The average attack time for a ransomware attack in 2021, measured from initial network access to payload deployment, was found to be 92.5 hours.
In 2020, ransomware attackers needed an average of 230 hours to complete an attack; in 2019, they needed 1637.6 hours.
This change speaks to a more streamlined approach that has gradually developed over the years to make larger operations more profitable.
At the same time, improvements in incident response and threat detection are forcing attackers to act more quickly, reducing the reaction margin of defenders.
From access broker to encryption
This data was gathered from incidents analyzed in 2021 by researchers from IBM’s X-Force team, who also found closer cooperation between early access brokers and ransomware operators.

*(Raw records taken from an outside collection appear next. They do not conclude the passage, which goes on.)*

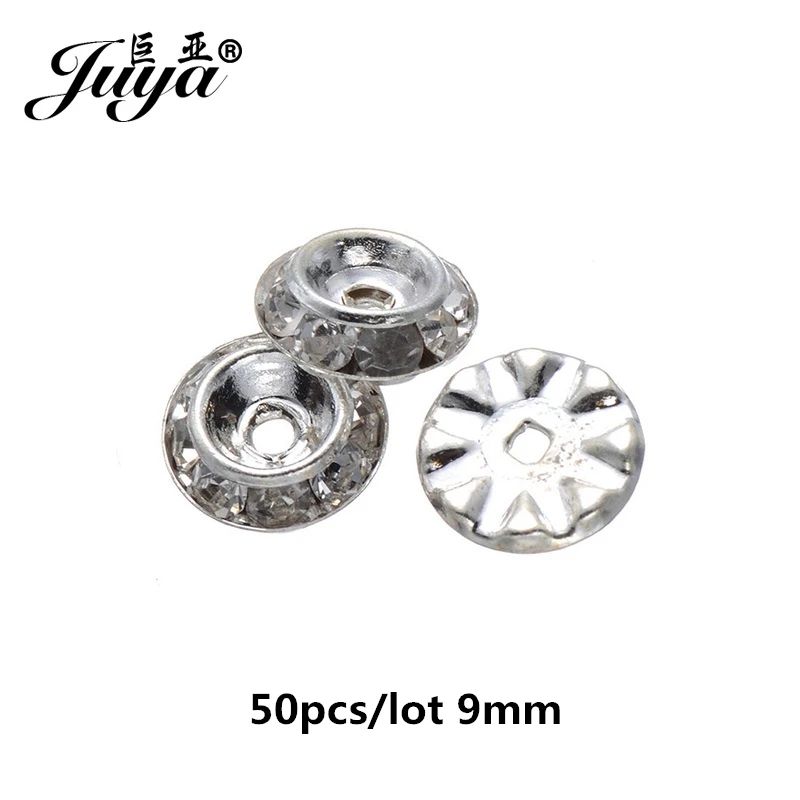 Бусины-разделители со стразами для изготовления ювелирных изделий «сделай сам», подвески, браслеты, фурнитура для ювелирных изделий, аксессуары для рукоделия, 50 шт./упаковка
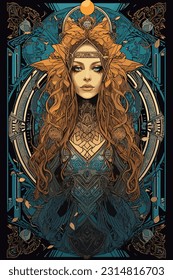 Tarot Card Mysterious Woman Vector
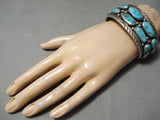 Huge Vintage Native American Navajo Chunky Turquoise Sterling Silver Bracelet Old-Nativo Arts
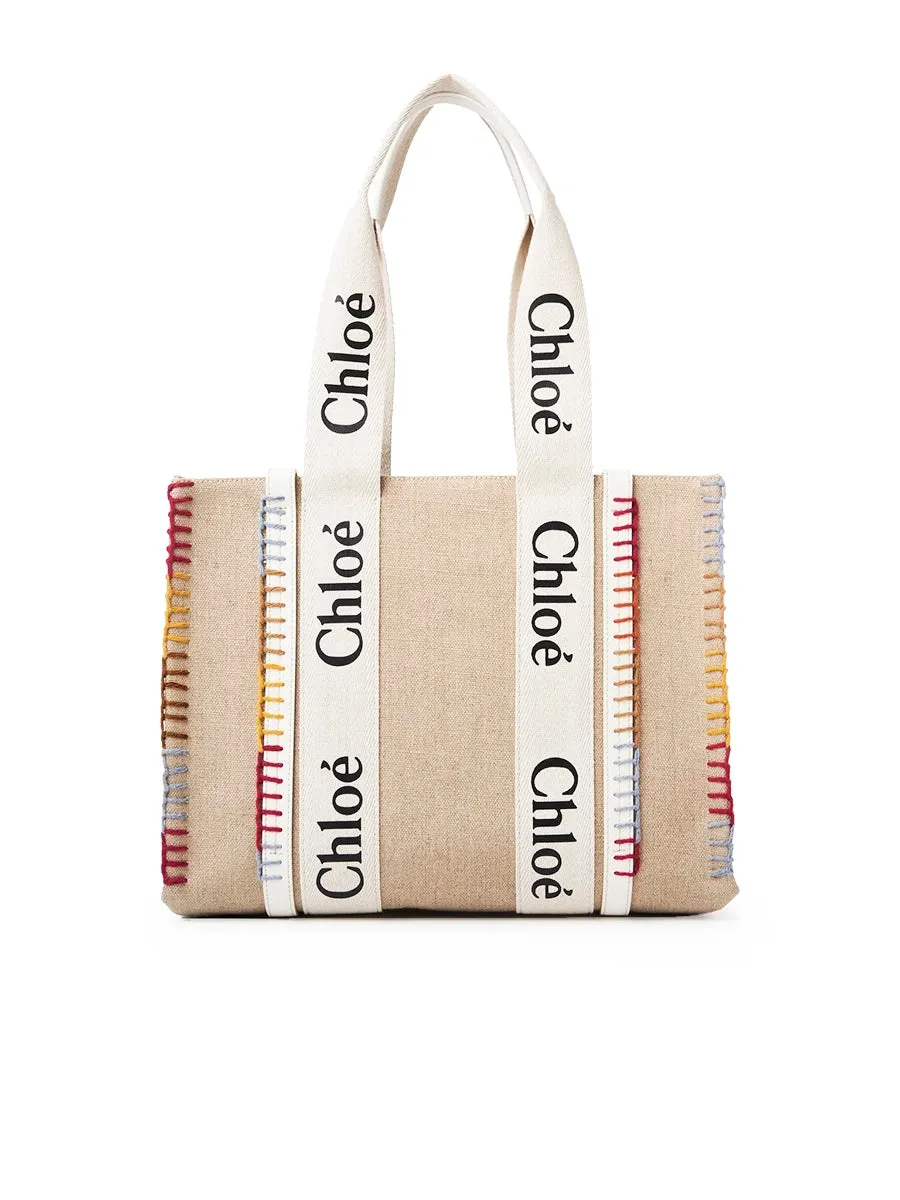 Medium Woody Tote Bag in White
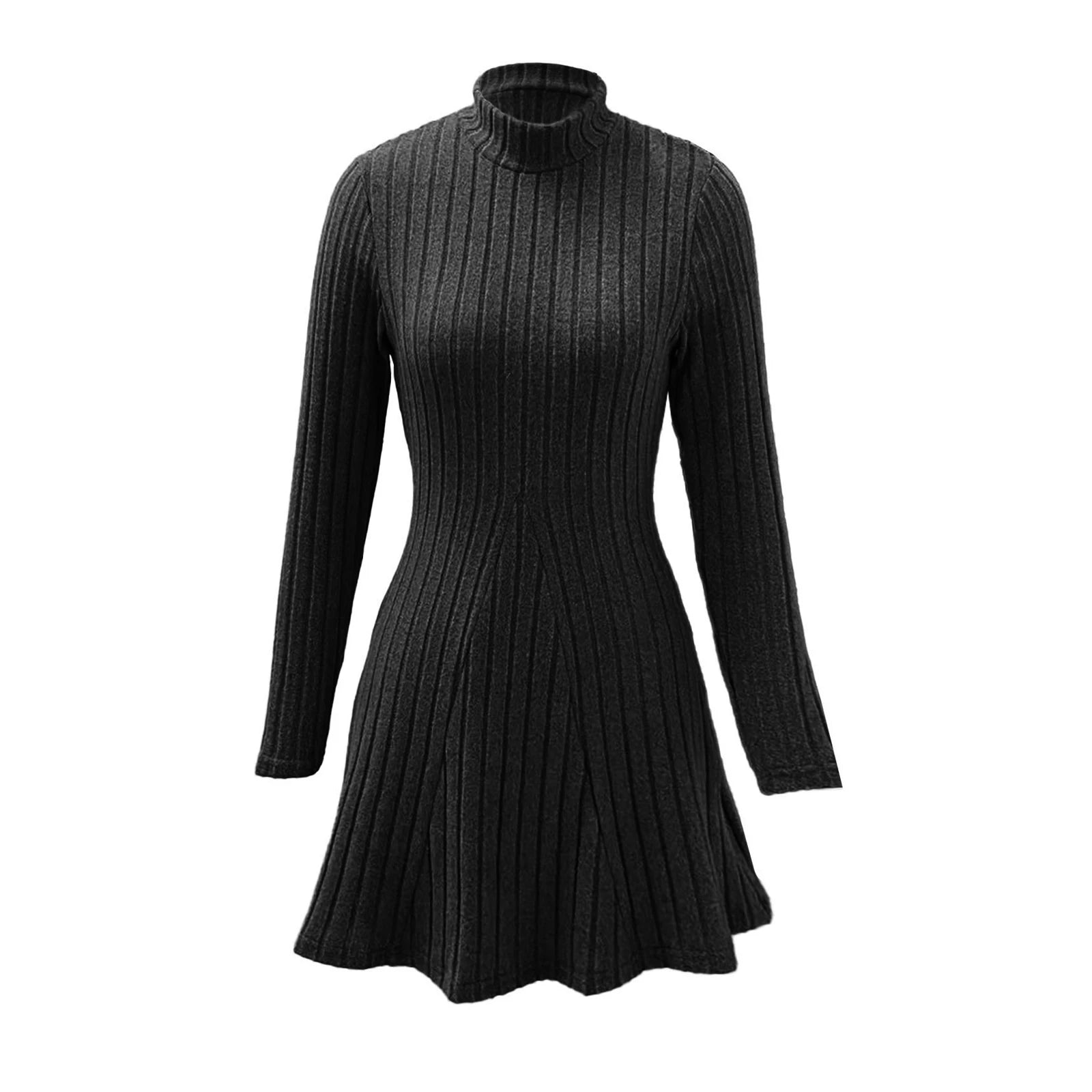 Women's Dresses Fall Winter Simple Solid Color Long Sleeve Mock Neck A Line High Waisted Flare Hem Casual Short Dresses 2025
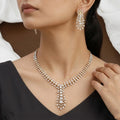 Gold-polished American Diamond Leaf Necklace Set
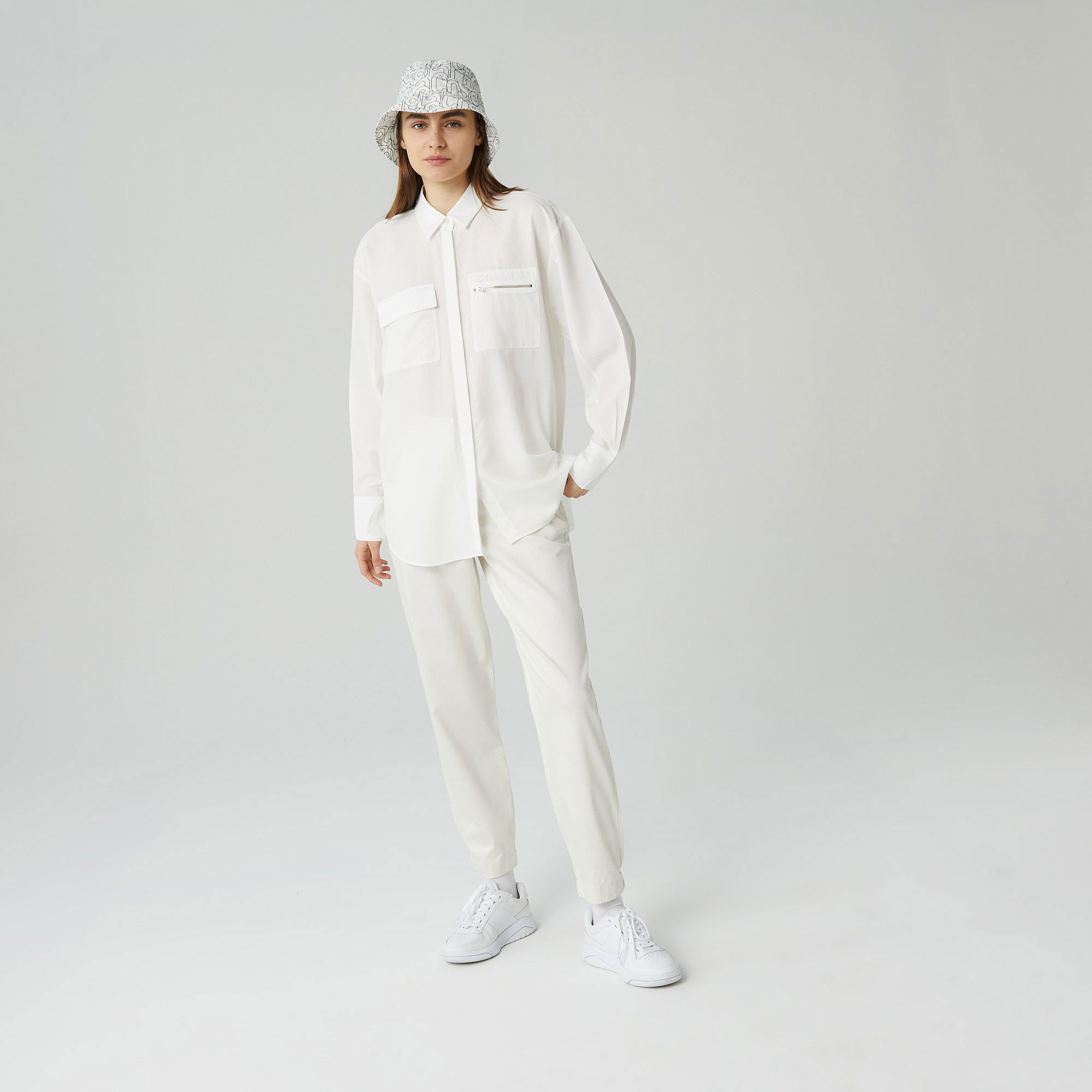 Lacoste Kadın Relaxed Fit Beyaz Gömlek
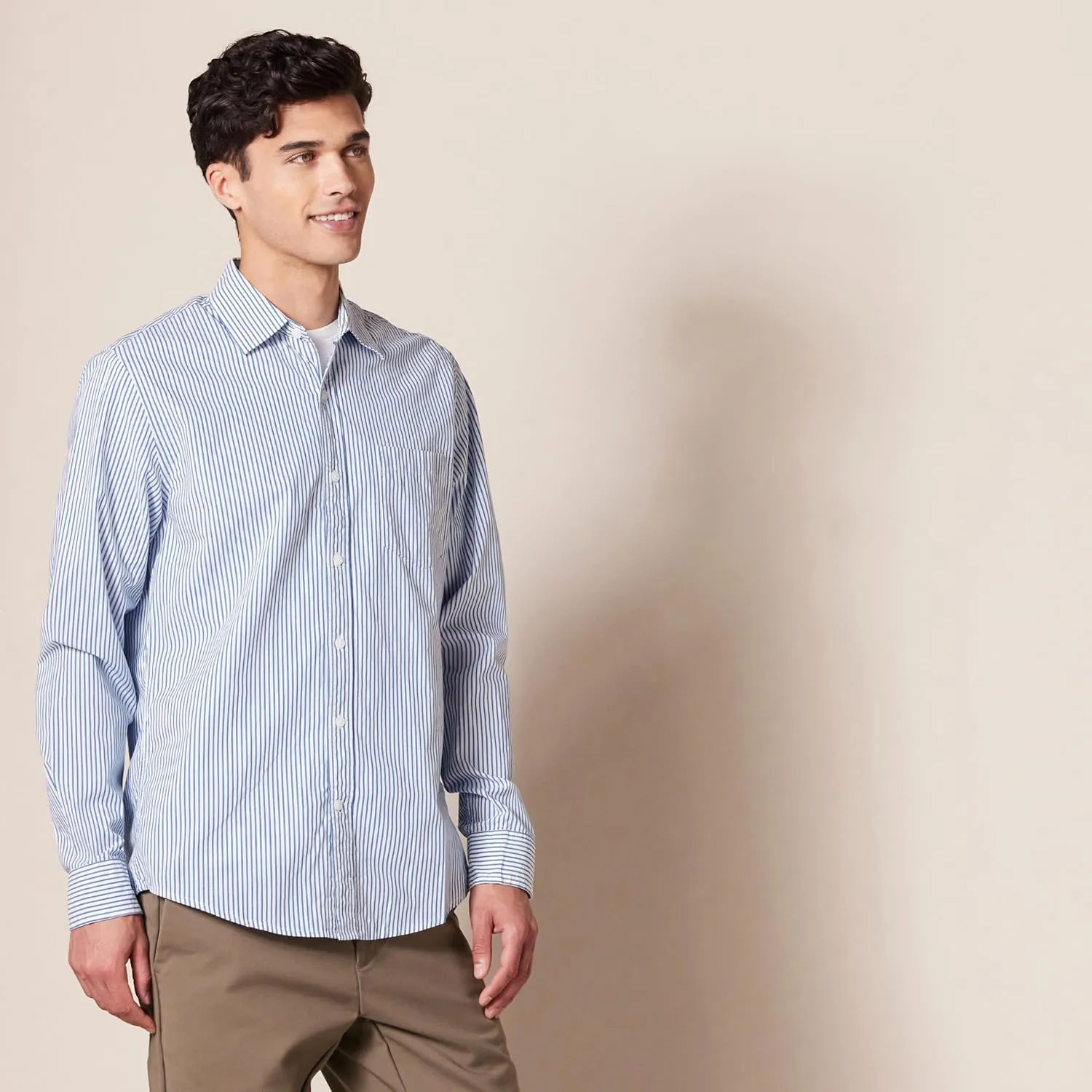 Amazon Essentials Men's Slim-Fit Long-Sleeve Poplin Shirt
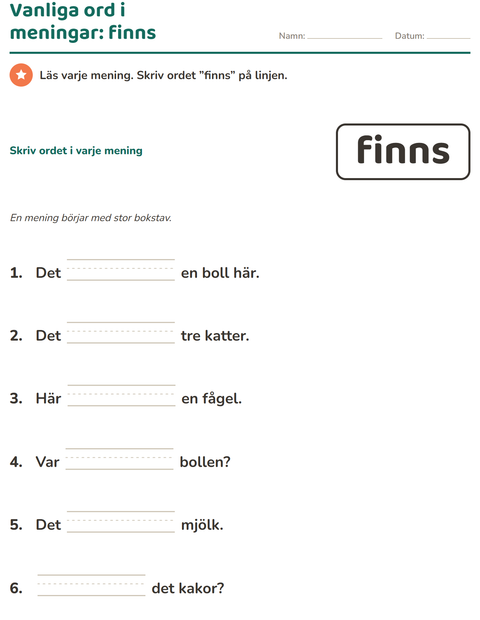 Förhandsvisning av Högfrekventa ord-arbetsblad för Förskoleklass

Previously, network access brokers would wait days or even weeks before finding a buyer for network access.
Some ransomware organizations are also taking direct control of the initial infection vector, such as Conti, which took over the operations of the TrickBot malware.
Malware that infiltrates corporate networks is quickly leveraged to enable the post-exploit phase of an attack, sometimes achieving its objective in just a few minutes.
As for tools and techniques used by ransomware attackers, Cobalt Strike for session maintenance, RDP for lateral movement, Mimikatz and LSASS dump for credentials, SMB + WMIC and Psexec for deploying payloads on network hosts are commonly to deploy payloads on network hosts.
Faster detection, but not enough
Threat detection and response system performance in 2021 was better than in 2019, but this was not enough, he said.
One of the most impressive developments in this area has been endpoint detection solutions, where only 8% of eligible organizations had such capabilities in 2019; by 2021, this percentage had increased to 36%.
As for alerts generated by security tools, IBM X-Force data shows that in 2019, 42% of attacked organizations received timely alerts. Last year, alerts were delivered in 64% of network intrusions.
Despite improvements in defenses, ransomware continues to pose a significant threat. This is because attackers employ a highly targeted approach, switching to manual hacking to gain entry into the victim’s network and keeping a low profile until the final stage of the attack: system encryption.
Ransomware attackers are clearly acting more quickly: an April 2022 case study describes how the IcedID malware went from infection to Quantum ransomware deployment in just 3 hours and 44 minutes.
Also, the encryption process is getting faster these days. Once started, it is often very difficult to stop before considerable damage is done.